Pero esta velocidad tiene muchos inconvenientes. Y cada nuevo descubrimiento, para vivir, quita el sitio a otros inventos que al inventarse se creían inventos para siempre.
¿Quién iba a suponer, cuando se descubrió la máquina de vapor —por ejemplo— que al mediar el siglo XX en lugar de un invento resultaría un anacronismo? Y ¿quién considera al telégrafo —que hace un siglo, poco más o menos, constituía el pasmo y la admiración de nuestros bisabuelos— como una muestra espeluznante del poderío del hombre dominando el tiempo y el espacio? Los inventos se desgastan como los sombreros de las señoras o como las modas en el vestir. Y la misma televisión que anteayer fue vanguardia, pronto será «camp». Hay demasiados técnicos, demasiados científicos, demasiados innovadores con prisa de imponer sus métodos, sus esquemas, sus «aparatos», sus objetos. Lo invaden todo —sobre todo el comercio— y hay que abrirles lugar. Una consecuencia es que se acelera el rompimiento de las cosas útiles para adquirir otras más útiles o más modernas. Lo «irrompible», hace veinte años nada más, era una categoría, un valor: zapatos irrompibles, vasos irrompibles, ideas... irrompibles. Ya, no. Ya hay que romper lo que se usa porque si no, ¿cómo vamos a poder» usar lo que se nos ofrece, lo que se nos echa encima?

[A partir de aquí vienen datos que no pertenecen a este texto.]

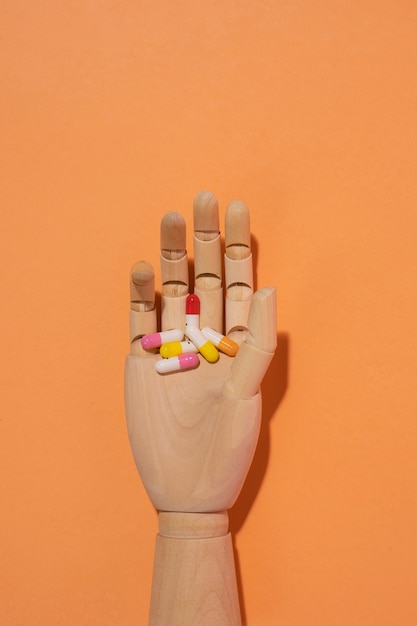 Wooden hand with pills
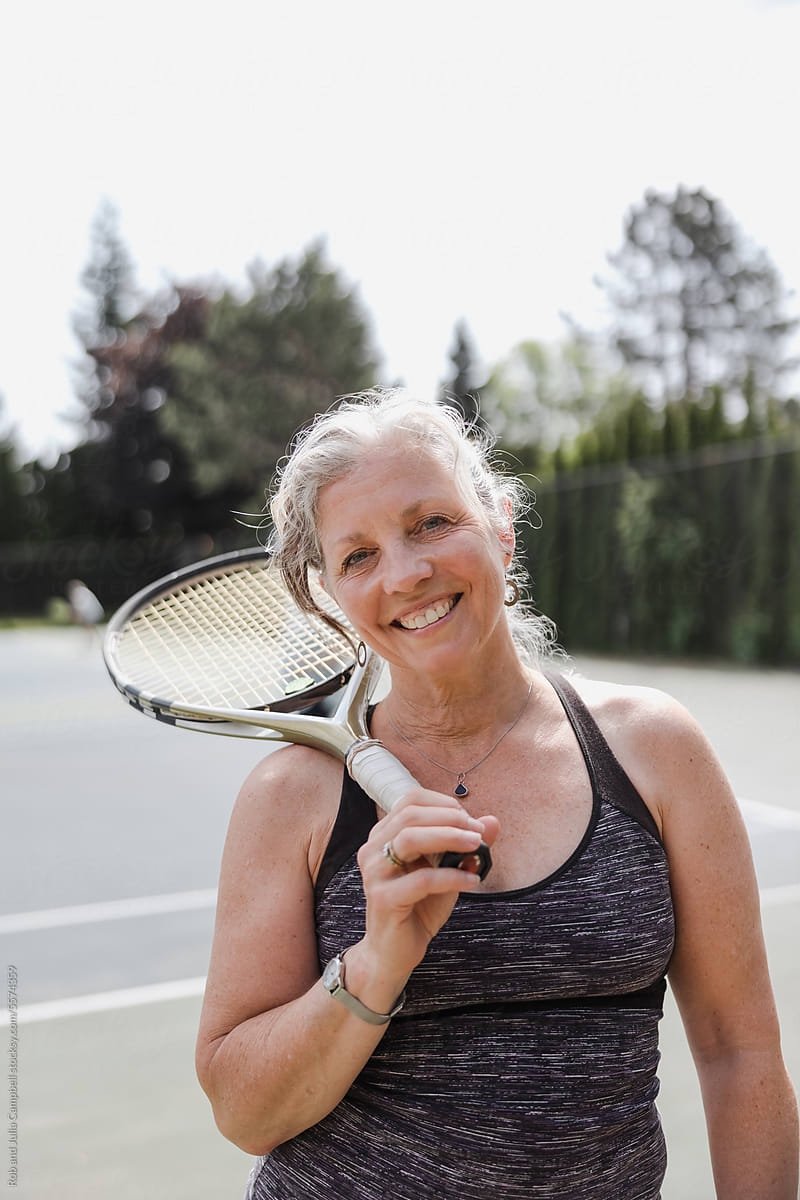 Portraits of casual women tennis player outside in the sunshine.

Nadie lleva ya sus zapatos al zapatero para que les arregle los tacones y ya no hay automóviles que mueran de viejos, como esos «Ford» de los años veinte que hasta hace unos lustros renqueaban por esas carreteras. ¡Cuánto cementerio de coches! Y así pasa con todo. Se considera un atraso el afán porque algo nos dure. Lo moderno es usar y tirar. Se descabezan los artilugios que nos ofrece el mercado, se les toma la pulpa y se les arroja. Como si fueran langostinos. Y si esto sucediera nada más en el plano de las cosas que se venden y compran... Pero va pasando también en el plano moral, y en el filosófico e incluso, para algunos, en el religioso. Los divorcistas se empeñan en que una esposa no tiene por qué durar más que un mechero. Y hay críticos literarios a los que el mismo Camus y el existencialismo entero (incluido Jean Paul Sartre), resulta fruta pasada. Pues, ¿y esos cristianos, fieles de Bultmann, a los que Pablo de Tarso les parece inauténtico y desechando por usados los textos evangélicos se ponen a decantar carismas de los «Kerigmas»?

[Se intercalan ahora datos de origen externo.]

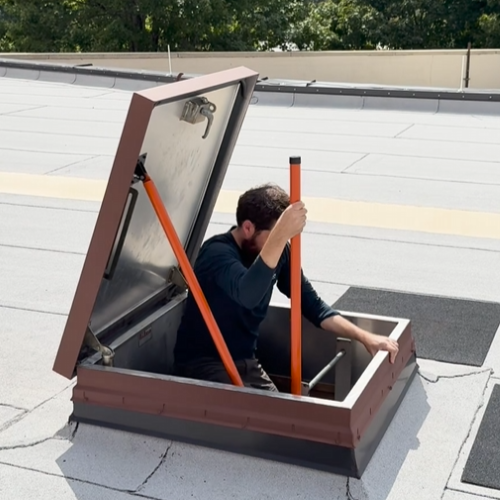 Person working on a roof access hatch with tools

Toffler, que como ustedes saben es un futurólogo que mezcla el temor con la adivinanza y el diagnóstico con la ironía, se pregunta: ¿Para cuánto tiempo sirve un ingeniero? Porque la técnica avanza con tanta prisa que la casa «Westinghouse» calcula la duración de la utilidad de los conocimientos que adquiere un ingeniero, en diez años. Pasado ese tiempo, lo que se aprendió en la Escuela Técnica o en la Universidad va a quedar superado. Es decir, va a suceder con los ingenieros lo que con los futbolistas y con los toreros. Los cuales tienen que aprovecharse de sus cinco u ocho años de vigencia, sabiendo que lo que les espera después es regentar una cafetería.

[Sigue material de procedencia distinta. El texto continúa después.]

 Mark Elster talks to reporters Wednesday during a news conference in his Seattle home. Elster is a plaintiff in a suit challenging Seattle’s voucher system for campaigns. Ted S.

¿No es todo esto un poco triste? La consideración de lo efímero se une invariablemente a la consideración de la novedad. Todo es nuevo, pero nada más que una hora. La aceleración de la historia —y la de los inventos que trae consigo— nos impide acostumbrarnos a nada. ¿Se van a terminar las costumbres? ¿Va a haber nada más usos? Sin embargo, usted, cualquiera, yo, «es quien es» para siempre. Todo gira, cambia, alrededor. Y todo parece conspirar a marearnos. Es decir, todo se conjura para hacernos dudar de quien somos. Todo se confabula para tentarnos, para hacernos decir: ¿Y si yo me tirara a mí mismo a la basura, como tiro la cabeza de langostino, el coche de ayer, el vaso irrompible, para comprarme «otro yo» mejor? (Y, sin embargo, esto que frívolamente puede parecer un drama es, en realidad, una gloria. Porque en el fondo saberse hombre es pensar que no hay piezas de recambio para el yo y que cada uno es cada uno, sin posible sustitución, incluso por los siglos de los siglos. La dignidad humana se basa en eso y nada más. Se fundamenta en pensar: Fui inventado para siempre.)